As in Jenkins, Horn's account was non-discretionary and in fact was traded by Horn himself. Moreover, the record indicates that Dittmer and Horn did not speak with each other concerning the live cattle contracts in question and that they did not even know each other. Even assuming that Dittmer had made representations directly to Horn, the mere expression of an opinion does not create a fiduciary relationship. Likewise, we do not believe that fiduciary duties arose here by virtue of Horn's status as an employee of Refco. A contrary result would have the perverse effect of creating fiduciary relationships between a brokerage house and its employees when no fiduciary relationship would exist between the brokerage house and similarly situated customers. We are unable to discern anything in the facts of this case sufficient to give rise to a fiduciary duty owed by either defendant to Horn, and we therefore hold that the trial court erred in failing to grant defendants' motion for a directed verdict or judgment n.o.v. on this claim.

B.

Defendants next assert that there was insufficient evidence to warrant submission to the jury of Horn's fraud claim under section 4b of the CEA. The elements of a fraud action under section 4b are derived from the common-law action for fraud. See Greenwood, at 789 n. 4. As we noted in Greenwood, "[a] common-law action for fraud requires a false representation of a material fact with knowledge or belief on the part of the defendant that the representation is false. The false representation must be made with the intent to induce the other party to rely upon that representation." Id. at 789 (citations omitted). In addition, the plaintiff must show that any damage resulted from his justifiable reliance on the defendant's misrepresentation. See Prosser and Keeton on The Law of Torts § 108 (W. Keeton 5th ed. 1984); Restatement (Second) of Torts § 537 (1977).
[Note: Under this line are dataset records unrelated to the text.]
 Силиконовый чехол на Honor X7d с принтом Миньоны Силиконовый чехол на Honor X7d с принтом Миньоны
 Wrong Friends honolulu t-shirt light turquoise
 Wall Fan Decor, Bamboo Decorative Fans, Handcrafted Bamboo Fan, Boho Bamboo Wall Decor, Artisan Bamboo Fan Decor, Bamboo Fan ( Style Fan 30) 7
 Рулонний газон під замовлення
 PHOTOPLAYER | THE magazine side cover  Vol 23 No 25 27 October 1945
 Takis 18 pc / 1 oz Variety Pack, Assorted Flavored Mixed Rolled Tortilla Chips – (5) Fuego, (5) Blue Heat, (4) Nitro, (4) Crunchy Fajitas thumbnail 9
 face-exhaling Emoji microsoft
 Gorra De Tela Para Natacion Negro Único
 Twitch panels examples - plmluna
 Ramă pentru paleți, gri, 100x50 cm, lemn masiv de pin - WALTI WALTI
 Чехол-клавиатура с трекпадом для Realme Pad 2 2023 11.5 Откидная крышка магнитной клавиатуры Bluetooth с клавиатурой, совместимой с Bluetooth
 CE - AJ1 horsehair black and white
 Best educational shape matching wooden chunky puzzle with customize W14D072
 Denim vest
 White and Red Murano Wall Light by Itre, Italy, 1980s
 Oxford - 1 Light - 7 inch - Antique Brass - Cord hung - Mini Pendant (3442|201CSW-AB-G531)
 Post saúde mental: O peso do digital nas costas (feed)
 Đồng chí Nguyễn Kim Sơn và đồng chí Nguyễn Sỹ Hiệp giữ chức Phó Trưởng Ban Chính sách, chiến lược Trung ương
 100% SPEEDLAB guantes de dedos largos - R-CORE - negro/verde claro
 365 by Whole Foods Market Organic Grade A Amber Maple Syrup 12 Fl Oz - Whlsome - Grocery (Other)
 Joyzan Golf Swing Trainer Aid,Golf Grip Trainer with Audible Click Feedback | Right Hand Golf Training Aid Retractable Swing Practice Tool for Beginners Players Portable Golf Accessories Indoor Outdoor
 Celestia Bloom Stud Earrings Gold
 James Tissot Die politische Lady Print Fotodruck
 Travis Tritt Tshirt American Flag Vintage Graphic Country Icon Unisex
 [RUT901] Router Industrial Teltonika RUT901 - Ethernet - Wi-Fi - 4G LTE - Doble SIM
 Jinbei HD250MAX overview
Horn argues that the evidence was sufficient to establish fraud on the part of defendants on three separate grounds, each of which we will address in turn. First, Horn claims that in August and September 1979 Dittmer misrepresented that the supply of cattle in his feedlots was low to induce Horn to purchase cattle futures contracts. Horn purports to substantiate his claim of misrepresentation by reference to a subsequent statement in a hedge application which Dittmer filed with the CME on October 5, 1979, declaring that his feedlots were "at capacity."

Our review of the record has failed to disclose any evidence that would show that a misrepresentation was made. Dittmer's alleged statements that the supply of cattle in his feedlots was low were made in August and September 1979. The statement in the hedge application that his feedlots were at capacity was made in October 1979. Both statements may have been true, and Horn has made no showing to the contrary. We therefore are unable to conclude that these representations are sufficient to make a submissible case of fraud.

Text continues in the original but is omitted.